Salmon and Beet Power Salad

Salade de betteraves et de saumon ÉquipeNutrition Salmon and Beet Power Salad TeamNutrition

With January around the corner, resolution season is in full swing! If you're looking to eat better this new year, this nourishing power salad, approved by our registered nutritionists-dietitians, is a perfect choice. Featuring salmon and fibre-rich roasted vegetables, it’s a balanced, comforting, and colourful meal. An ideal option to brighten up your weekday lunches.

Preparation 15 min
Cooking 45 min
Servings 4
Nutrition Facts (per serving)
Calories 480
Fat 26
Carbohydrates 31
Fibre 7
Protein 31
Sodium 550

Ingredients

  • 3 medium yellow or red beets, peeled and quartered

  • 3 medium carrots, peeled and cubed

  • ½ butternut squash, peeled, seeded, and cubed

  • Canola oil spray

  • 2.5 ml (½ tsp) onion powder (or garlic powder)

  • 2.5 ml (½ tsp) four-spice blend

  • Pepper and salt, to taste
     

  • 454 g (1 lb) salmon fillet*

  • 15 ml (1 tbsp) whole grain mustard

  • 15 ml (1 tbsp) maple syrup

  • 1 pinch of four-spice blend (or cinnamon or nutmeg)
     

  • 1 container (142 g) mixed baby greens

  • 60 ml (¼ cup) crumbled goat cheese (or light feta), optional

  • 250 ml (1 cup) beet hummus (homemade or store-bought), optional

Preparation

  1. Preheat the oven to 375 °F (190 °C).

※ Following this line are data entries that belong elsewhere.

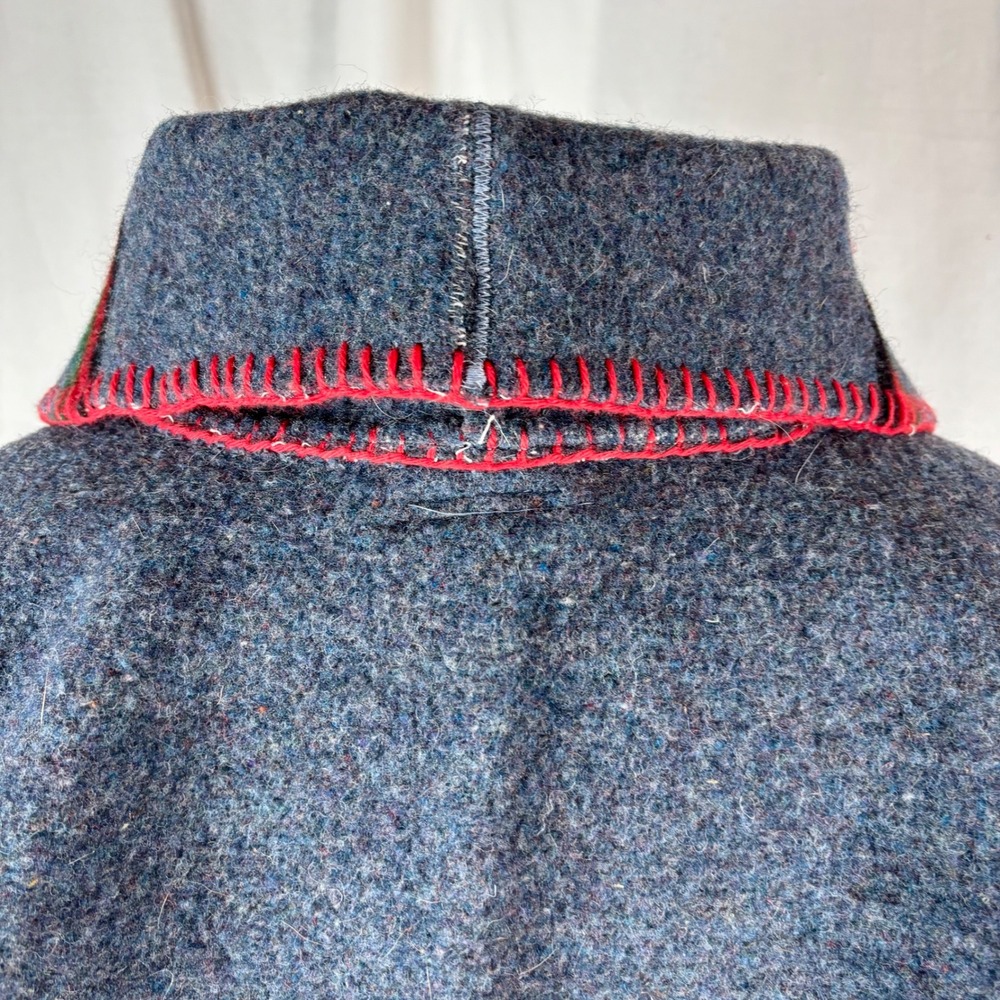 Handmade Gray Stripe Bog Jacket Zip Up from Pendleton Wool Blanket  | Woman's XL - Picture 7 of 15
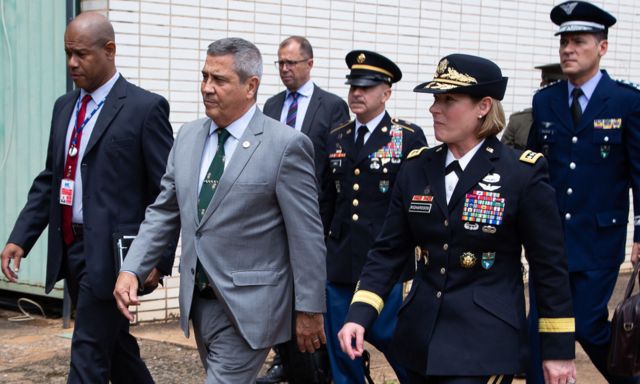 Laura Richardson caminhando com o o então ministro da Defesa, Walter Braga Netto, e outras pessoas em 2021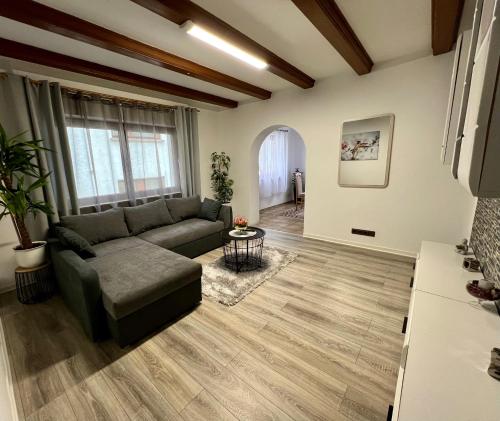 een woonkamer met een bank en een tafel bij 3 Zimmer Ferienwohnung Denis in Oberwesel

  2. On a large parchment-lined baking sheet, place the beets, squash and carrots. Spray with oil, sprinkle with onion powder, four-spice blend, salt and pepper. Toss to coat. Roast for 25 minutes.

  3. Remove from oven. Place the salmon fillet, skin side down, directly over the vegetables. Brush with maple syrup, mustard and spice blend.

  4. Return to oven and roast for another 20 minutes, or until the salmon flakes easily with a fork.

  5. Let cool slightly, then flake the salmon into large pieces.

  6. Spread hummus in the bottom of 4 bowls. Top with greens, roasted vegetables, flaked salmon and goat cheese, if using.

Notes

Keeps for 3 days in the refrigerator in an airtight container.

*Canned salmon can be used instead. Simply roast the vegetables as directed.